§ INFORMATION PROVIDED
++++
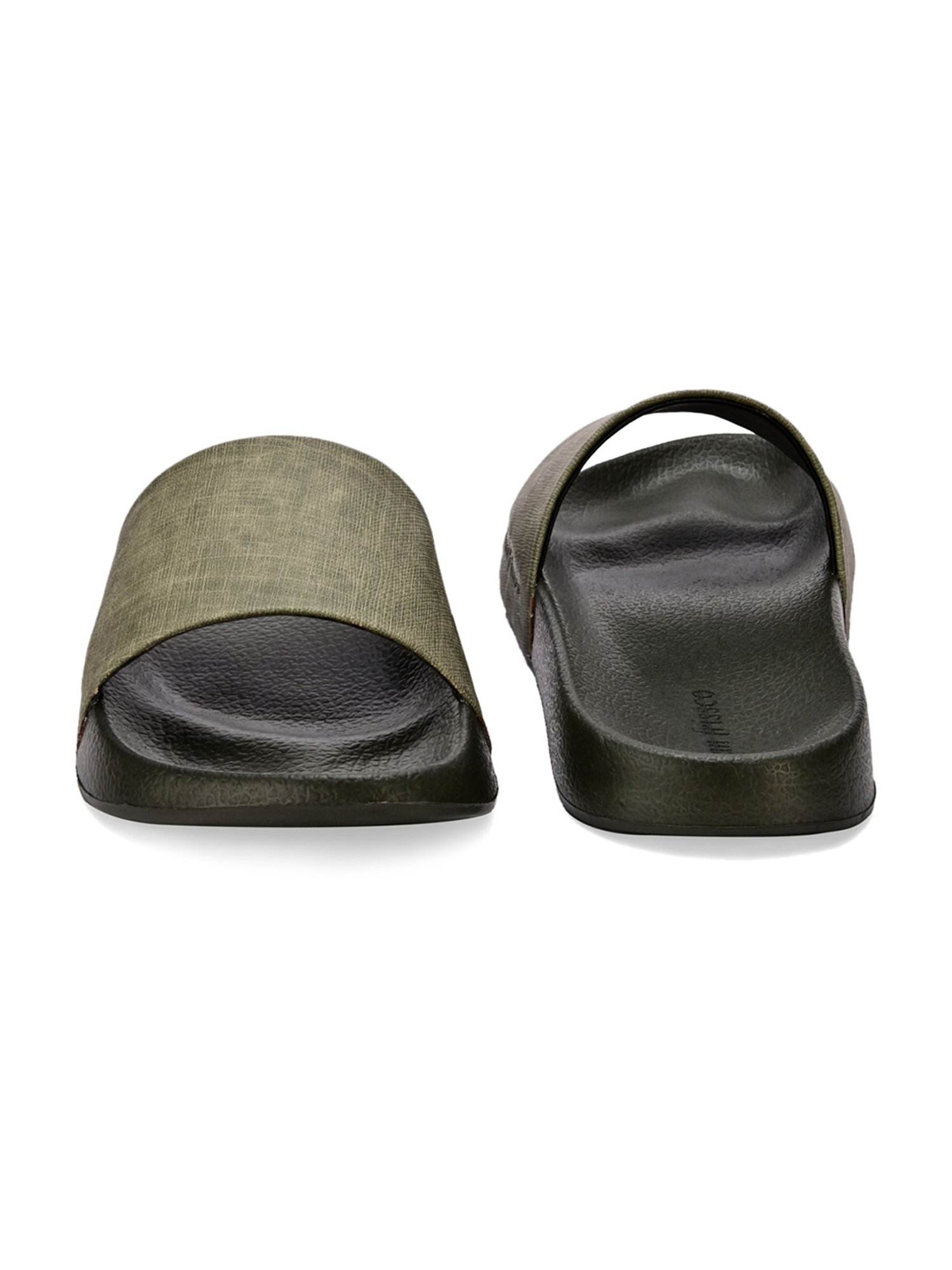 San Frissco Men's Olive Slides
++++
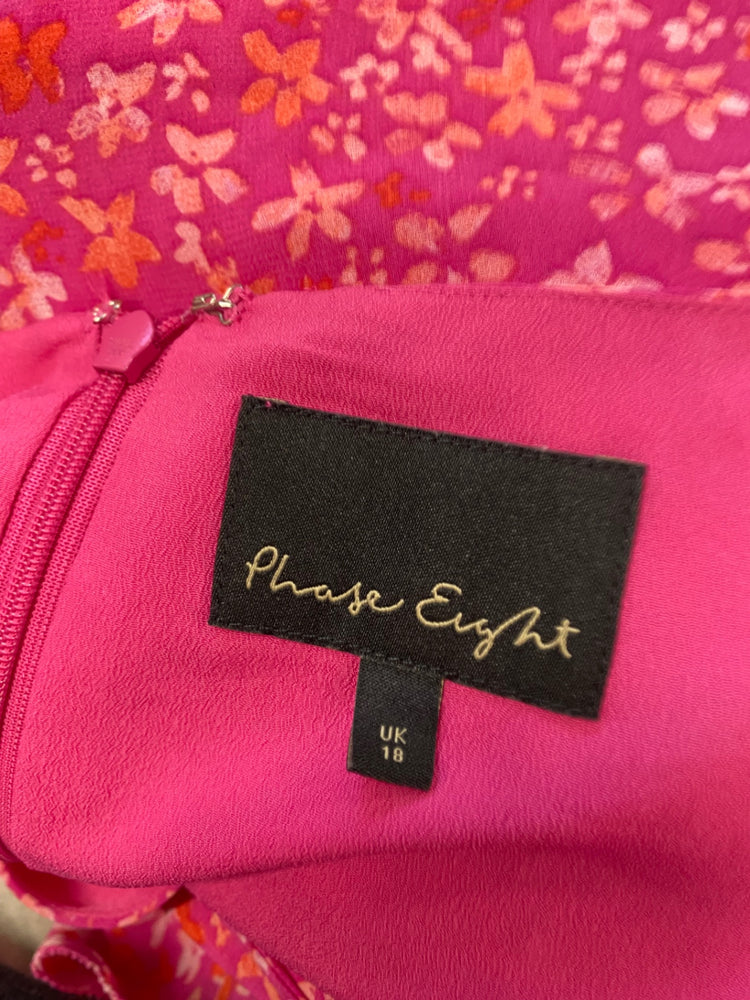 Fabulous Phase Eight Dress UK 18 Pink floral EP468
++++
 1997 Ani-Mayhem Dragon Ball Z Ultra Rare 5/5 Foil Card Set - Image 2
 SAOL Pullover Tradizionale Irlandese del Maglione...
++++
§ ASSIGNMENT
In the material above, locate the line containing "1997 Ani-Mayhem Dragon" and the line containing "SAOL Pullover Tradizionale". Transcribe exactly those two lines and every line between them, and nothing more.

§ RESPONSE
 1997 Ani-Mayhem Dragon Ball Z Ultra Rare 5/5 Foil Card Set - Image 2
 SAOL Pullover Tradizionale Irlandese del Maglione...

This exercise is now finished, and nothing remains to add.